The siphon method was developed in the 1840s, and it solves that problem by forcing very hot (but not boiling) water into a separate coffee chamber. It makes a really nicely balanced cup of coffee, one that some in the coffee biz consider the best there is.

Pros:

  • Certainly the most dramatic of all brewing methods. If you want people to talk about how great the coffee you served was after they leave your house, this is for you.

  • Actually really fun.

  • Allows for maximum control of heat and steeping times.

  • Full immersion of grounds in water extracts a full spectrum of flavors from coffee.

Cons:

  • It’s delicate and not easy to store. If you’re planning on doing a lot of moving in the next few years, this might not be for you.

  • Cleanup is more intensive.

  • It’s like watching a toddler for 10 minutes. You have to stick around, or everything will fall apart.

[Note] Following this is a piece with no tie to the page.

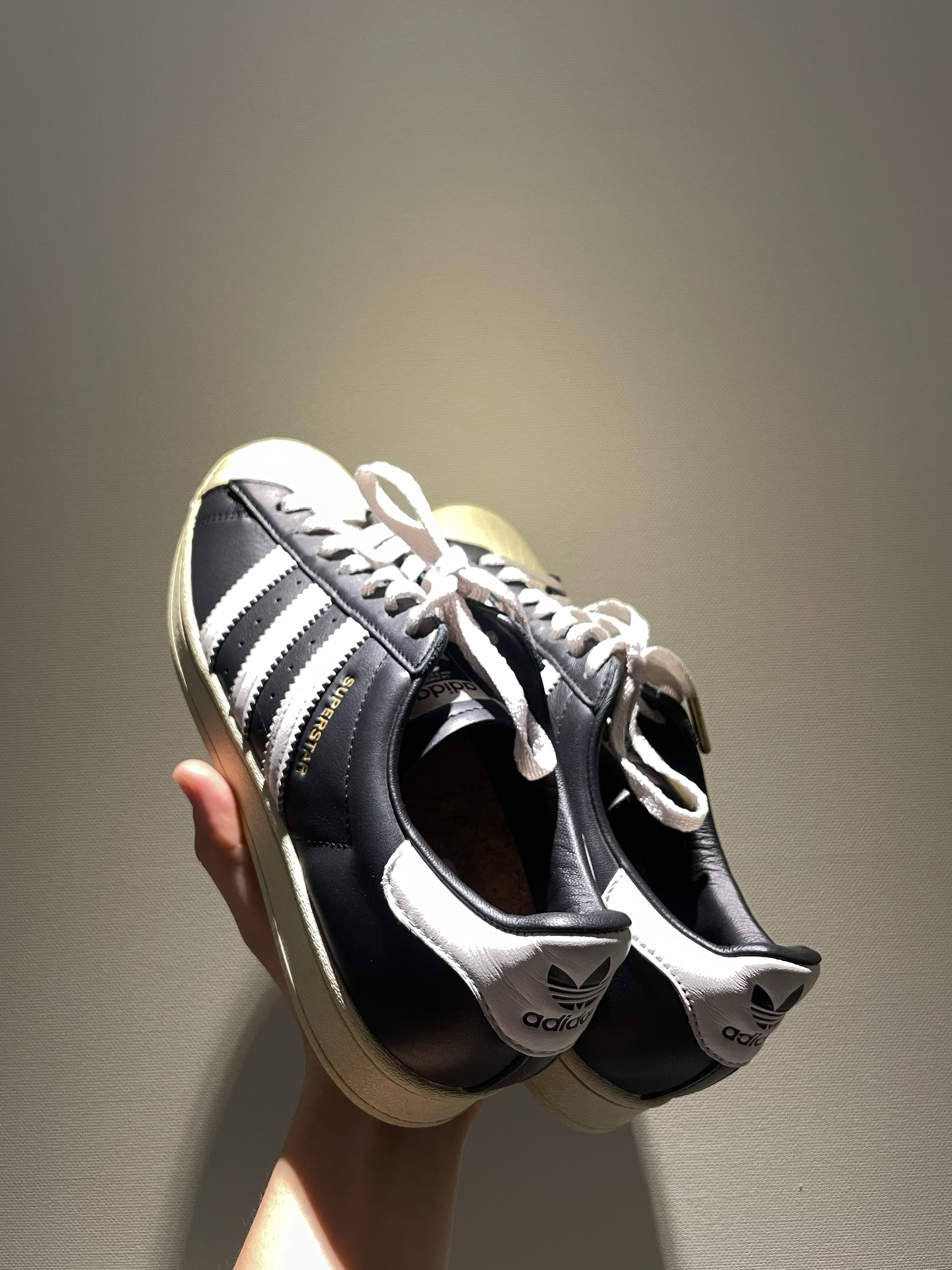 Adidas Superstar Premium Black White ์ฐฉ์ฉ ์คํ์ผ - 3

  • Can be kind of expensive. Special filters, a butane heater, the apparatus itself.

Grind Size: On the finer side, slightly more so than drip methods.

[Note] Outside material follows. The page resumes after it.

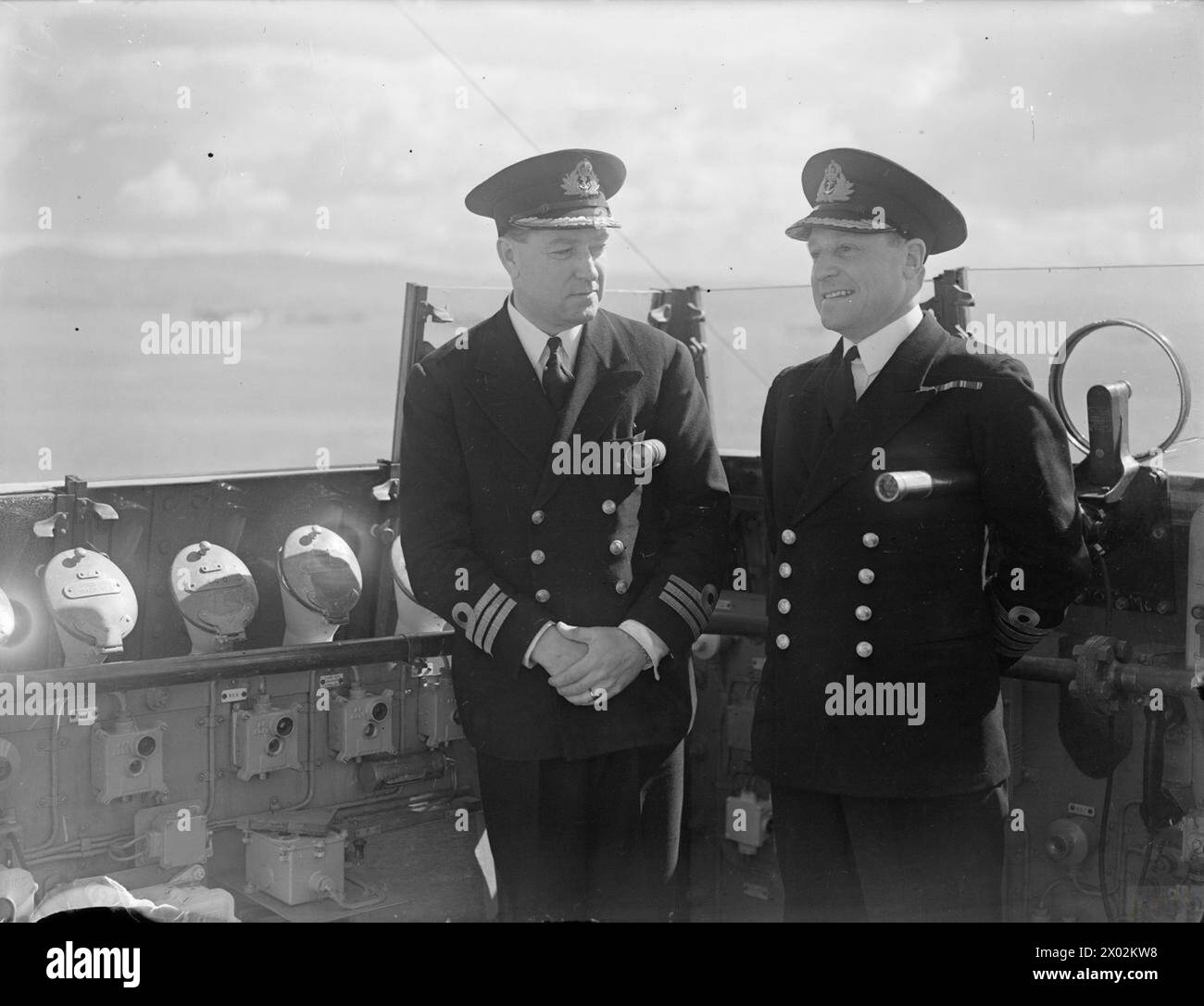 THE BRITISH CRUISER HMS SPARTAN. 11 AUGUST 1943, GREENOCK. - Captain P V McLaughlin and Commander G W M Ambrose of HMS SPARTAN Stock Photo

Ratio: About 12 ounces of water and 20-25 grams of grounds per cup of coffee.

How-To: If you use cloth filters, as many siphon-users do, make sure to soak them for five minutes before use. And allow the finished coffee to cool for a few minutes in order for every flavor nuance to come out. It’s worth the wait.


So there you have it: a brew guide with options for any palate and lifestyle. Try them all, or zero in on one that works for you and never leave it. Either way you can’t go wrong with good coffee. Personally, we like ours like we like our significant others (we lied earlier): smooth, well-balanced, with a genuine excitement about life and financial stability.